Action item: For this exercise, output the entries below exactly from the line that holds "Photo 3 from" to the line that holds "start riding dirt bikes", both ends included. No pictures belong in the copy.

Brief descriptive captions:
_ _ _
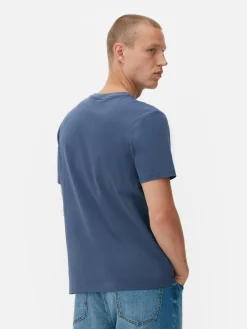 Homme Primark Hauts Et T-Shirts|T-shirt à Imprimé Bob L'éponge Patrick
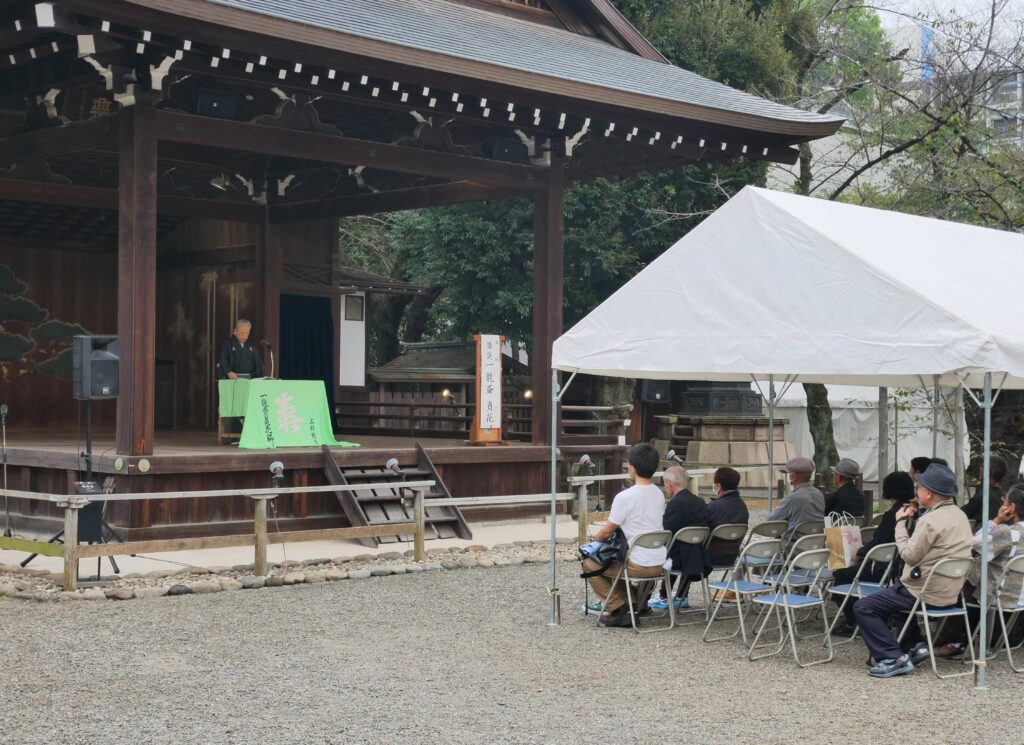 Yasukuni-Shrine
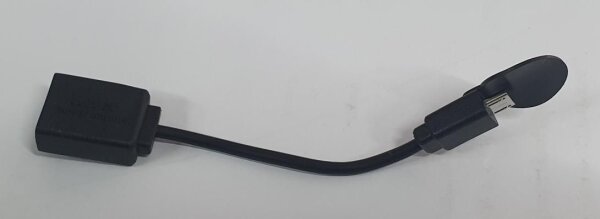 USB-Kabel - USB auf Micro-USB - Schwarz - um USB-Akku zu laden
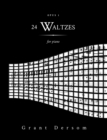 24 Waltzes : Opus 1 - eBook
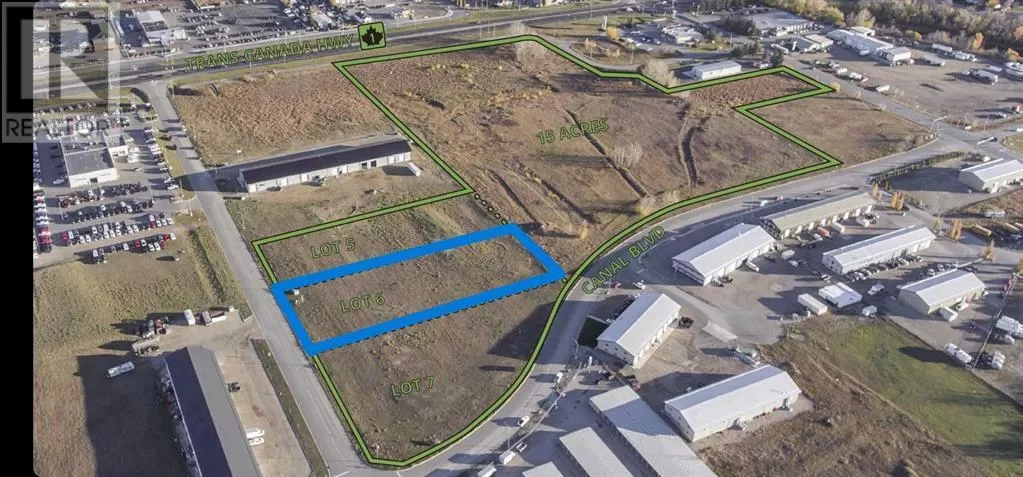 Commercial Mix for rent: 455 Canal Avenue, Strathmore, Alberta T1P 0C4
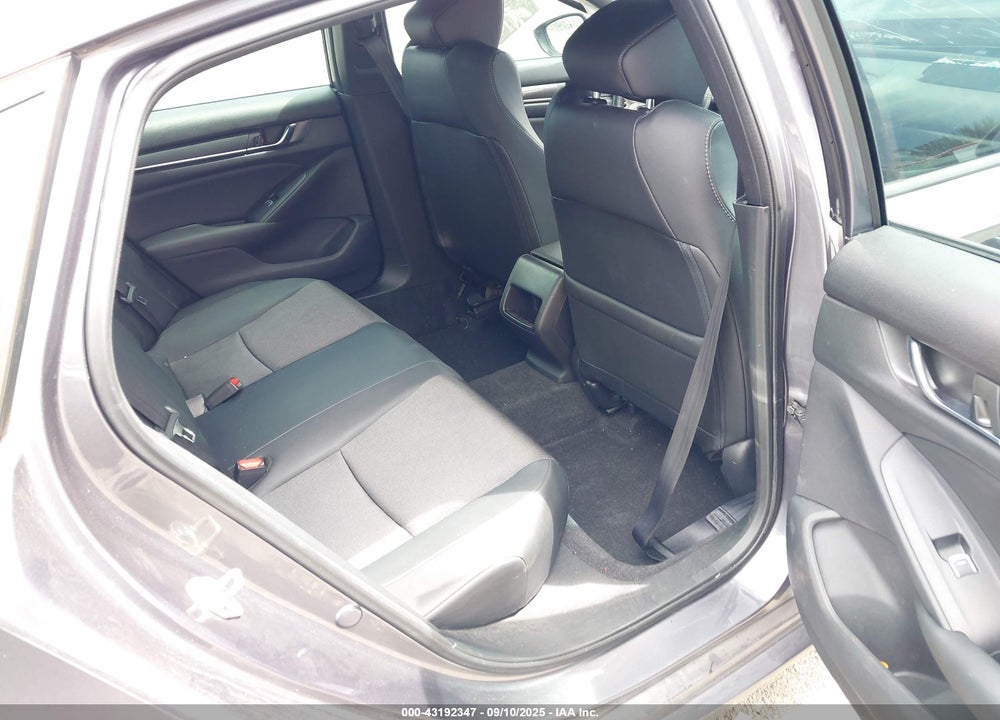 2020 HONDA ACCORD SPORT VIN: 1HGCV1F35LA137098
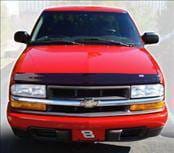 Chevrolet Blazer AVS Bugflector I Hood Shield - Smoke - 22036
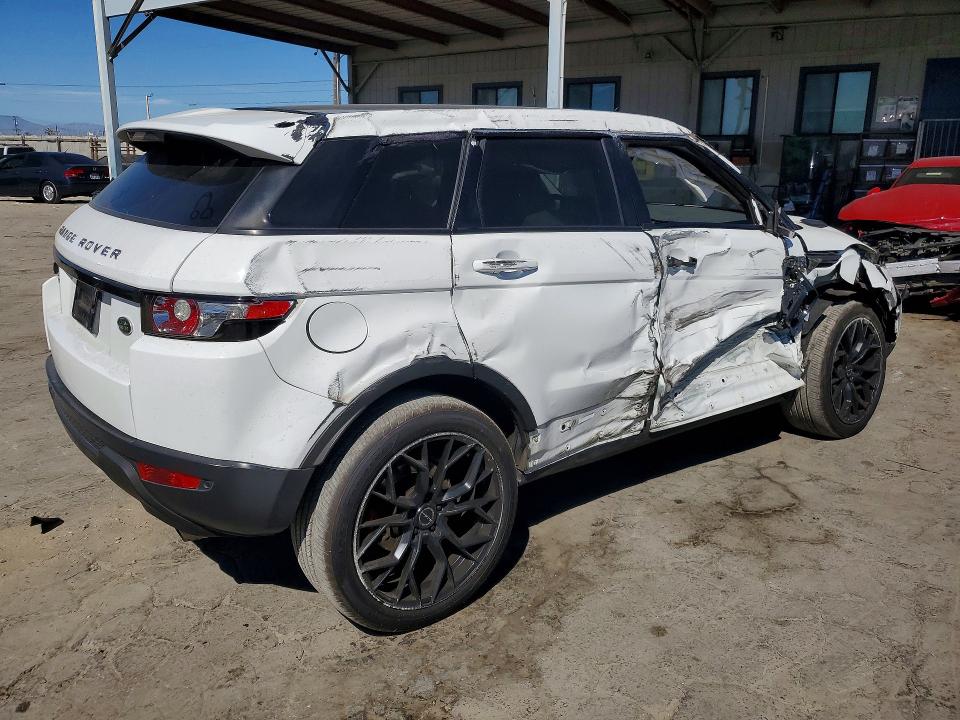 Photo 3 from auction – 2015 LAND ROVER RANGE ROVER EVOQUE with VIN SALVP2BG1FH050464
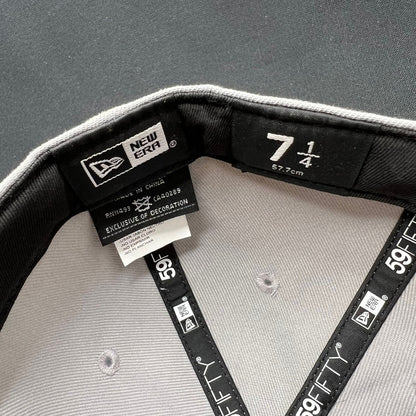 Sultanes de Monterrey New Era 59FIFTY Fitted Hat 7 1/4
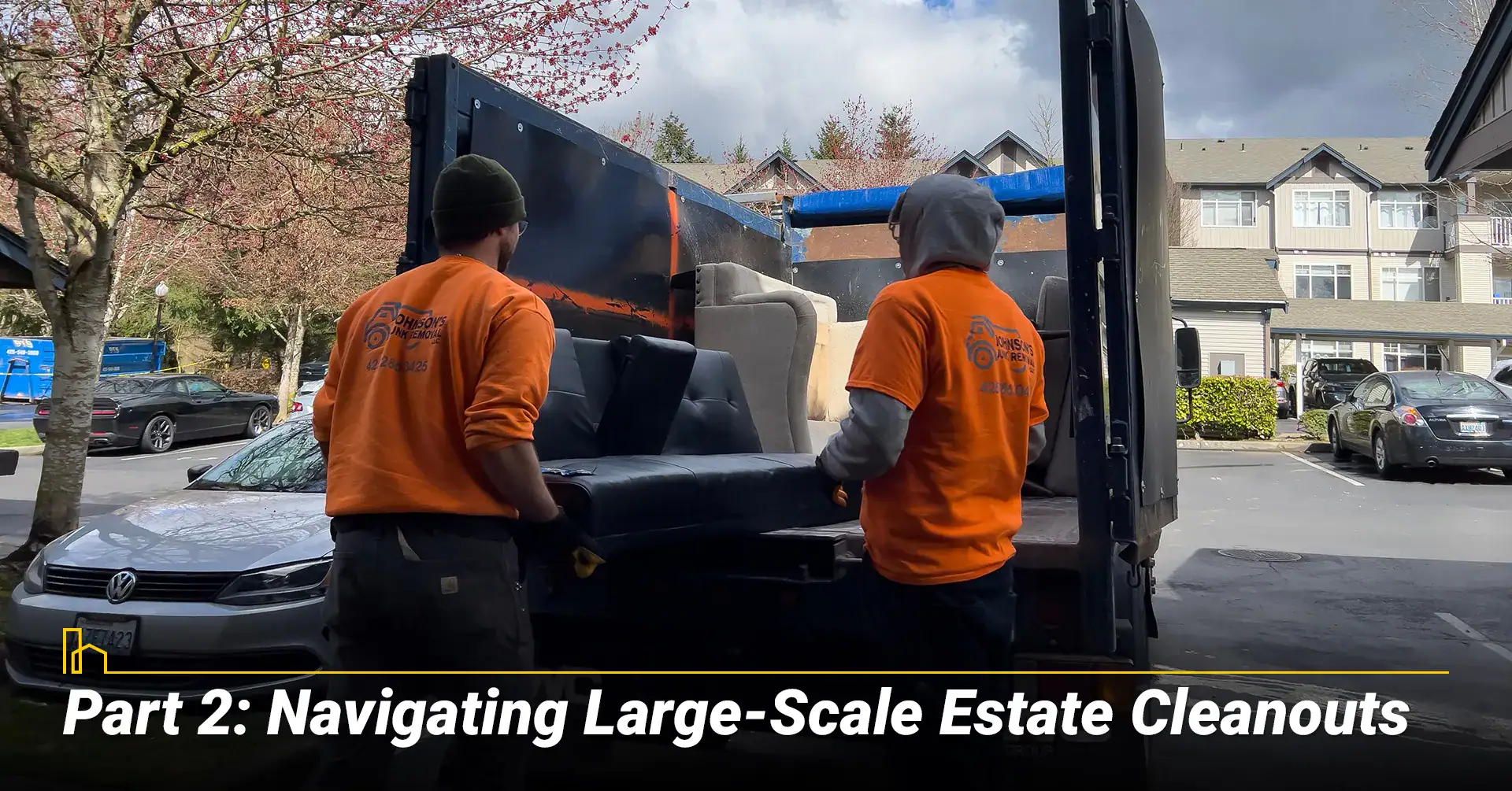 Navigating Large-Scale Estate Cleanouts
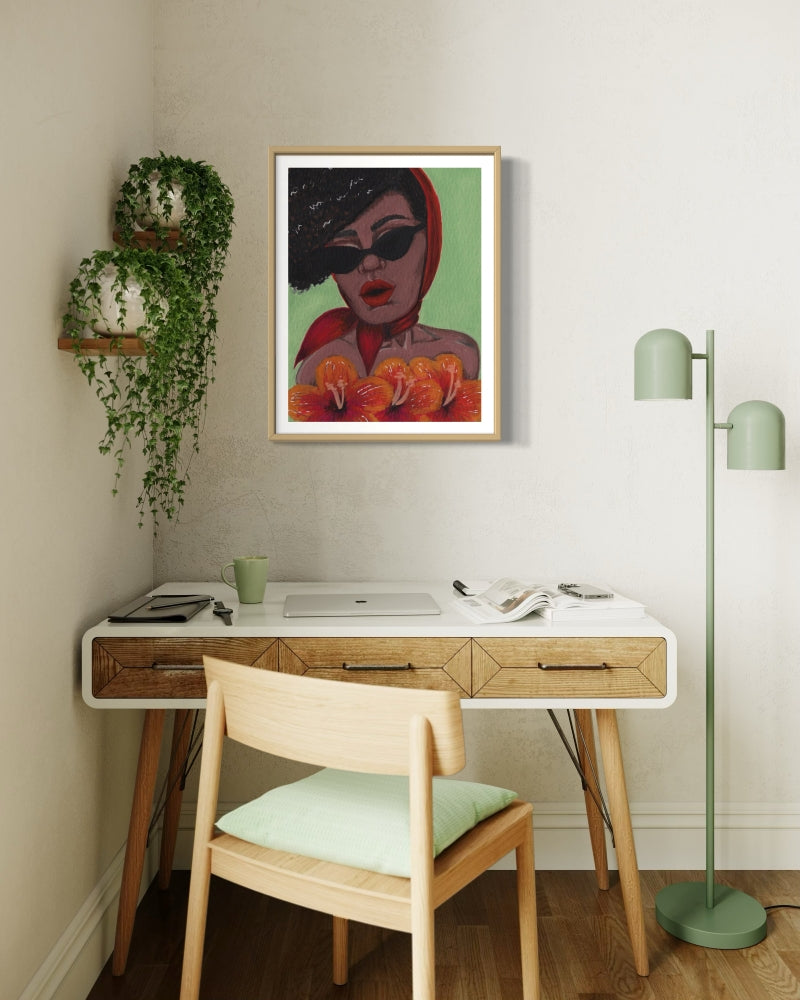 Portraits │ Oh, Darling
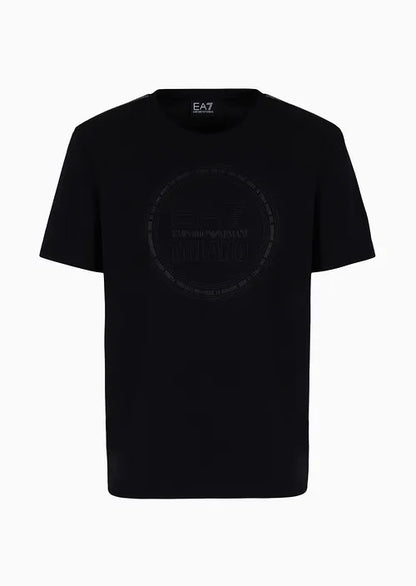 T-shirt girocollo Logo Series EA7 Emporio Armani 3DPT39PJTJZ11200
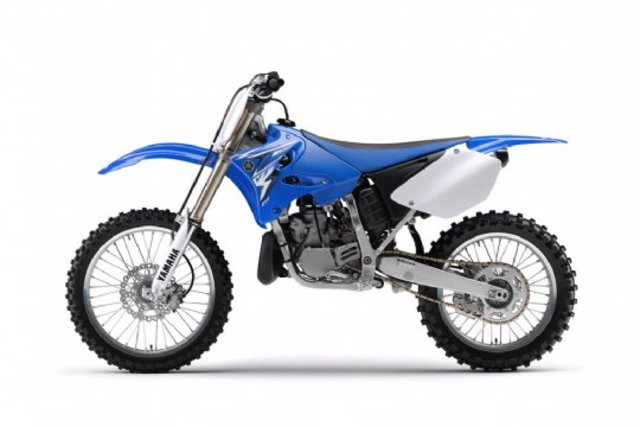 start riding dirt bikes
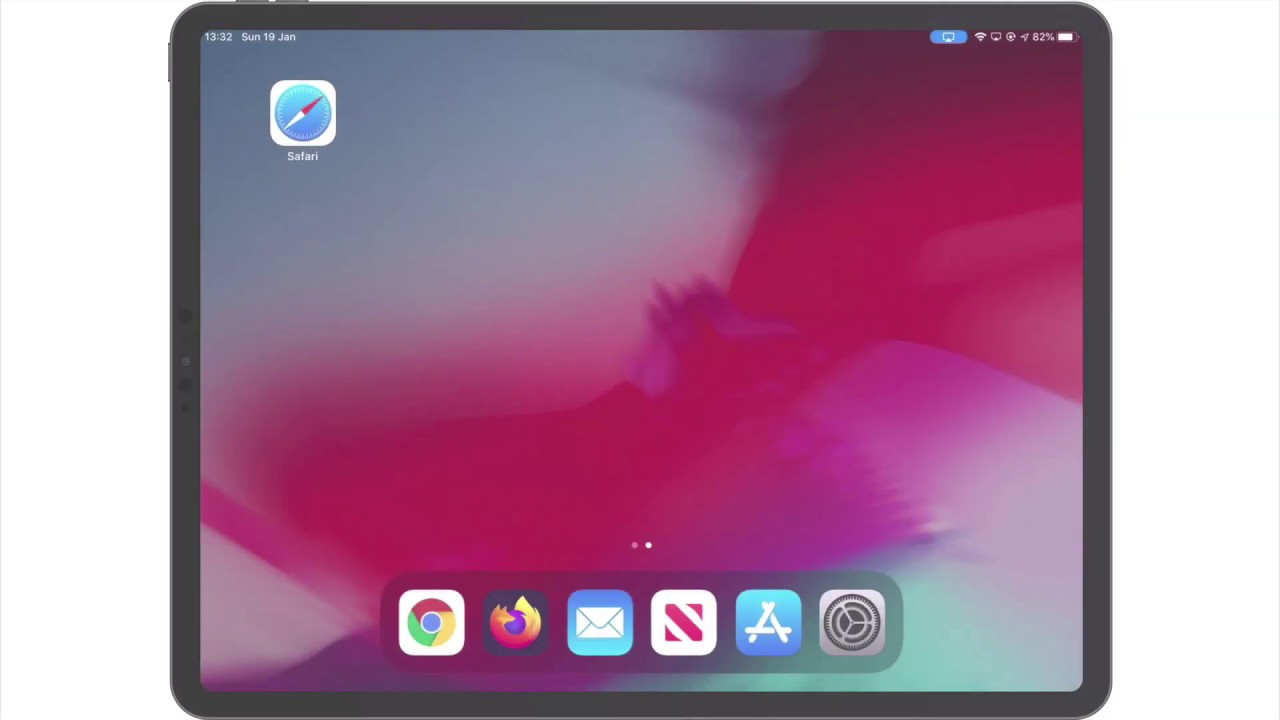 Совет для iPad: как восстановить недавно закрытую вкладку в Safari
_ _ _
Answer box:
 Photo 3 from auction – 2015 LAND ROVER RANGE ROVER EVOQUE with VIN SALVP2BG1FH050464
 Sultanes de Monterrey New Era 59FIFTY Fitted Hat 7 1/4
 Navigating Large-Scale Estate Cleanouts
 Portraits │ Oh, Darling
 T-shirt girocollo Logo Series EA7 Emporio Armani 3DPT39PJTJZ11200
 start riding dirt bikes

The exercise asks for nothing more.